# Having Regrets



## newbea (Oct 19, 2008)

Hi Everyone, this is my first thread and was just hoping for some advice.Sorry that it is soo long....
My husband and I mutually decided to separate after 10 years of marriage. We have two daughters, one is 4 the other 1. We have had problems for a while now but never really argued much just really seemed to take on more so we didn't have to think about the problems. One of the major problems was our sex life or lack of. He was always up for it and I just wasn't interested. I love him and find him attractive but I think that I may have issues with sex after my father treated my mother very badly. I think this may have caused me to associate sex with being dirty or bad. 

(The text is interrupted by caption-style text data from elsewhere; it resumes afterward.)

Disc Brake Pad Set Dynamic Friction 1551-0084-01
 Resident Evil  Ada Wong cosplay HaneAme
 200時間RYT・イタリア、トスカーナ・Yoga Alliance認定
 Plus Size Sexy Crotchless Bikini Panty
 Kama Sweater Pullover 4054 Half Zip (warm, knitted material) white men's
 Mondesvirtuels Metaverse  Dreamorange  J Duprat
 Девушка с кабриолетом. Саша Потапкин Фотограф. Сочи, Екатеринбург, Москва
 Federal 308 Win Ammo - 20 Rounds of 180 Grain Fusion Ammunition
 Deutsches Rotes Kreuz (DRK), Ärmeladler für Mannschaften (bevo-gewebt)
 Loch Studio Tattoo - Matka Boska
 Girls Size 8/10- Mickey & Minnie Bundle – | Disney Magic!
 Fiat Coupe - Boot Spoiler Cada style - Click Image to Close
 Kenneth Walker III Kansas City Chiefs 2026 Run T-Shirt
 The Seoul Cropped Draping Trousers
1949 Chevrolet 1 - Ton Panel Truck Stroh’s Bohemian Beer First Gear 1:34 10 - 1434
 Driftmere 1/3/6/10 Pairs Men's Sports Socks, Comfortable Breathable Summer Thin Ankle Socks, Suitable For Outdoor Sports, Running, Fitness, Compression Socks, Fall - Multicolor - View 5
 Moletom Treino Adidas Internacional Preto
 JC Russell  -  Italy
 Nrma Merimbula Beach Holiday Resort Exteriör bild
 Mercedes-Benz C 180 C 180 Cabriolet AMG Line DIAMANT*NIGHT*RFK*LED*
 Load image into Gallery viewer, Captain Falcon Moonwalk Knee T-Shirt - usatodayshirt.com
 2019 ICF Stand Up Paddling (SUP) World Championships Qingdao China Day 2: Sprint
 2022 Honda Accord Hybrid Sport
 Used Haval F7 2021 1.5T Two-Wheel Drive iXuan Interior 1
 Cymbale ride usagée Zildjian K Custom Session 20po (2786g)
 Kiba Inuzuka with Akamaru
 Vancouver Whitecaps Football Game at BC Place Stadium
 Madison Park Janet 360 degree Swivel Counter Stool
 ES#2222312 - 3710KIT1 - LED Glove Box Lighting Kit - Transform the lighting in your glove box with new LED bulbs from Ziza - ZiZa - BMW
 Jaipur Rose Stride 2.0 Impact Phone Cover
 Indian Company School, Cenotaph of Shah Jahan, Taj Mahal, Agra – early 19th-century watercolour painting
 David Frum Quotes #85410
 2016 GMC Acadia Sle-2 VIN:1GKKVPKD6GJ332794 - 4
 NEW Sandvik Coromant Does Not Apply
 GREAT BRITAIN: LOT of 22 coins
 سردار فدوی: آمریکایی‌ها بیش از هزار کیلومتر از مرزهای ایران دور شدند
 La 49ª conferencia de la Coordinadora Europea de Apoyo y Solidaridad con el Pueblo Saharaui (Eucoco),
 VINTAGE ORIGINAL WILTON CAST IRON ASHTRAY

So to paint a picture for you. When our 4 year old was born she was quite ill and underwent a few operations this continued for about 3 years which meant that I really never slept and she screamed all the time. I ended up moving into the spare bedroom and to this day she sleeps with me. Thank goodness she is healthy now. Anyway when I found out I was pregnant with our youngest a very close and trusted friend told me that her partner had been told by my husband that he was not happy that I was pregnant because that meant that he was trapped and he was planning on leaving. As you can imagine this hurt me a great deal and certainly didn't help our sex life. 
So about 6 weeks ago we both sat down and decided mutually the best thing to do was to separate as I don't know how to fix the problem I have with Sex. I have now moved out with the kids and am having second thoughts. Through the separation my husband has been wonderful. We have agreed on everything financially and emotionally, and I have gained a great deal more respect for him. I recently told him that I was having second thoughts and how was he feeling about it. He told me that he loved me very much and couldn't ask for a better mother for his children but that he doesn't think that he loves me the same as when we met, but that as i was his best friend as well as his wife it is very hard to let go. I have taken this to mean that he wants to move on. I have taken steps to sort out the sexual issues so I can have a normal love life with whoever I am with.
I am finding it very difficult though becuase I still love him and enjoy spending time with him and find that when he comes to visit the kids he is still quite flirty and sometimes he speaks as though he is regretting it and others he doesn't. Sometimes I feel like he is keeping his options open with me but enjoying single life. He sees the kids regularly and obviously it is hard to spend time with a 1 year old that is breastfeed, but rather than take the older one out he comes to my house and visits here. He also wants to be invited to my family gatherings and I don't know why. Any advice????


----------



## Honey (Sep 2, 2008)

Well, I have to give him credit, he does see his kids and tries to stay in their life, which is a good thing. If he wanted out to see if he can get anyone better, he might still be looking when he is 60. 
Hun, what is wrong with the sex? Do you not give yourself competely to him? Just not into it.. and just have this I can't wait until it is over look on your face when you are making it? Just don't want it? Does he make you feel dirty when making love..therfore you think this way about sex? Or is it just how you feel about another person's relationship that you think sex is dirty and bad? It isn't dirty or bad, hun. Some people choose to make it that way, and if your husband was gentle, loving, and caring while making it with you, than don't feel this way, hun. Don't ever judge your realtionship by what happens in another person's relationship, hun. Although it hurt you to see this happen to someone you love, you can't stop your life and love based on someone else's bad sex life. He loves you, honey, and he wanted to show you this so many times. If he wasn't bad to you in any way (good husband and father), what you did pushed him away. He does not want a room mate, hun, he wanted a wife to love and to make love to.


----------



## charlieo (Oct 20, 2008)

newbea, it's hard to change your wiring about sex and it sounds like you two may have ignored the problem. I am looking in the mirror when I say this. The past is the past - if you want him back, tell him and get some help working out your issues. It's easy to find someone to have sex with. It's more difficult to find a friend who you can also consider a lover.


----------



## newbea (Oct 19, 2008)

Honey and Charlieo,
Thanks for the great advice. It really does help. I have made an appointment with a psychologist and I am going to find out what they think the problem is. I am not doing it to get back with my husband, I am doing it for myself. I need to be the best possible mother I can be for my kids. I also want to be happy whether it be with my ex or someone else so this is a new beginning. I am still finding things very difficult and anticipate that it will get worse before it get better but who knows what the future holds...


----------



## Amplexor (Feb 13, 2008)

Good for you, it is likely sex may be an issue in whatever relationship you find yourself in if you view it as dirty. A healthy and caring sex life between two people is a wonderful thing. Don’t deny yourself that joy.


----------



## charlieo (Oct 20, 2008)

Hi newbea,
sounds like you are on the right path. It's great that you are focusing on what will make you happy. That will certainly make a difference for everyone you care about in your life. "Put your oxygen mask on first and then you are able to help others put theirs on."


----------